• _LISTED ENTRIES_
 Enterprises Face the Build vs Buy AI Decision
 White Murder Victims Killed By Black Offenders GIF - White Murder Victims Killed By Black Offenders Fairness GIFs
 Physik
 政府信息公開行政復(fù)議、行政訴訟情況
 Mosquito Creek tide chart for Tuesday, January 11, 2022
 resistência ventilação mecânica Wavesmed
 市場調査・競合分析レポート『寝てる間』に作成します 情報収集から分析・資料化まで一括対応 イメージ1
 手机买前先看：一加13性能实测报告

--

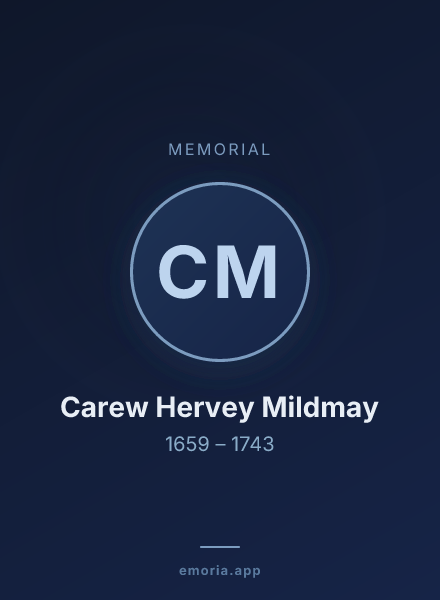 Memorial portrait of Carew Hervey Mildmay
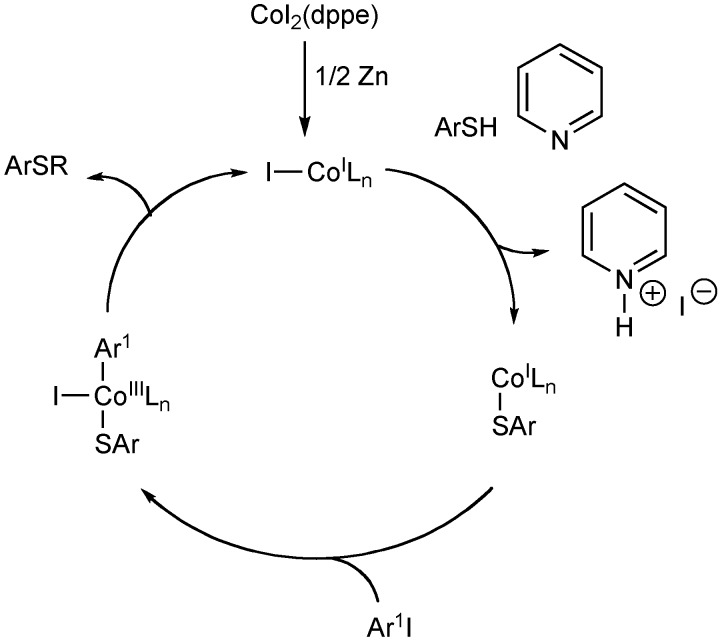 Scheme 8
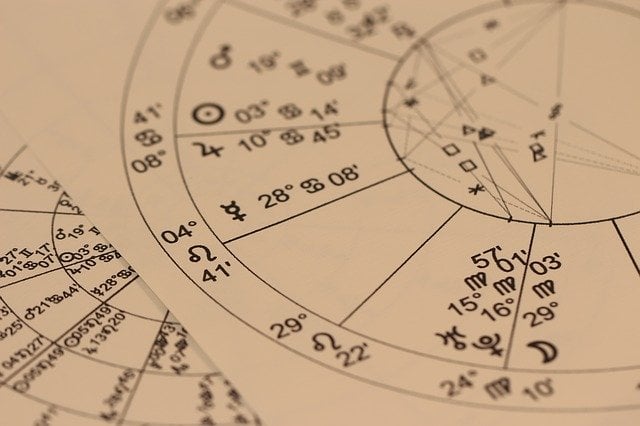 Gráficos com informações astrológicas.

• _WORK TASK_
Beginning with the line above that contains "resistência ventilação mecânica Wavesmed", copy each line exactly up to and including the line that contains "手机买前先看：一加13性能实测报告", and go no further.

• _TASK RESPONSE_
 resistência ventilação mecânica Wavesmed
 市場調査・競合分析レポート『寝てる間』に作成します 情報収集から分析・資料化まで一括対応 イメージ1
 手机买前先看：一加13性能实测报告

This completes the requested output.